Monday, February 07, 2005

David Kay with advice on Iran

Today's Washington Post has an editorial by David Kay. You remember David Kay, right? He is the man hand-picked by Bush to lead the Iraq Survey Group (ISG), which was the group in charge of the search for Iraq's WMD. And surely you remember what he said about Iraq's WMD, right? If you have forgotten, check out these previous posts: Search for WMD is officially over and The DIA and chemical weapons. If you do not want to read those posts, I will sum up Kay's conclusions: there were no WMD.

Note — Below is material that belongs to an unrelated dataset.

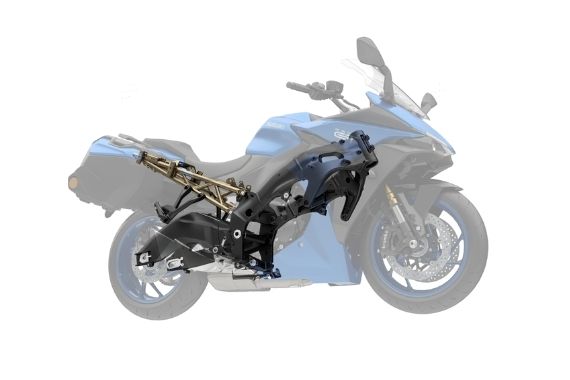 POIGNÉES CHAUFFANTES POUR LA GSX-S1000/GSX-S1000GT - Suzuki Canada Inc.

The title of his editorial is "Let's Not Make the Same Mistakes in Iran." Kay sees strong similarities between what is going on with Iran now and what happened regarding Iraq and the claims of WMD from the Bush administration:
Vice President Cheney is giving interviews and speeches that paint a stark picture of a soon-to-be-nuclear-armed Iran and declaring that this is something the Bush administration will not tolerate. Iranian exiles are providing the press and governments with a steady stream of new "evidence" concerning Iran's nuclear weapons activities. Secretary of State Condoleezza Rice has warned that Iran will not be allowed to use the cover of civilian nuclear power to acquire nuclear weapons, but says an attack on Iran is "not on the agenda at this point." U.S. allies, while saying they share the concern over Iran's nuclear ambitions, remain determined to pursue diplomacy and say they cannot conceive of any circumstance that would lead them to use military force. And the press is beginning to uncover U.S. moves that seem designed to lay the basis for military action against Iran.
Kay says that there are five steps that must be taken in order to avoid the mistakes that were made in buliding the case that Iraq had WMD. The first step is to accept the fact that Iran has been concealing nuclear activity and "craft a set of tools and transparency measures that so tie Iran's nuclear activities to the larger world of peaceful nuclear activities that any attempt to push ahead on the weapons front would be detectable and very disruptive for Iran." Kay also says that this objective "is reachable." I am not going to purport to speak for Kay, but it sure seems to me that while he is giving advice regarding Iran, he is also saying that a similar approach should have been used in Iraq. Such an interpretation would serve as an indictment of the Bush administration's actions reagarding Iraq, but maybe Kay does not intend such meaning.

The second step is to
acknowledge that dissidents and exiles have their own agenda -- regime change -- and that before being accepted as truth any "evidence" they might supply concerning Iran's nuclear program must be tested and confirmed by other sources. And those other sources should not be, as they often were in the case of Iraq, simply other exiles, or the same information being recycled among intelligence agencies.
(emphasis added). Now this presents better evidence that Kay is also delivering an indictment of the Iraq policy.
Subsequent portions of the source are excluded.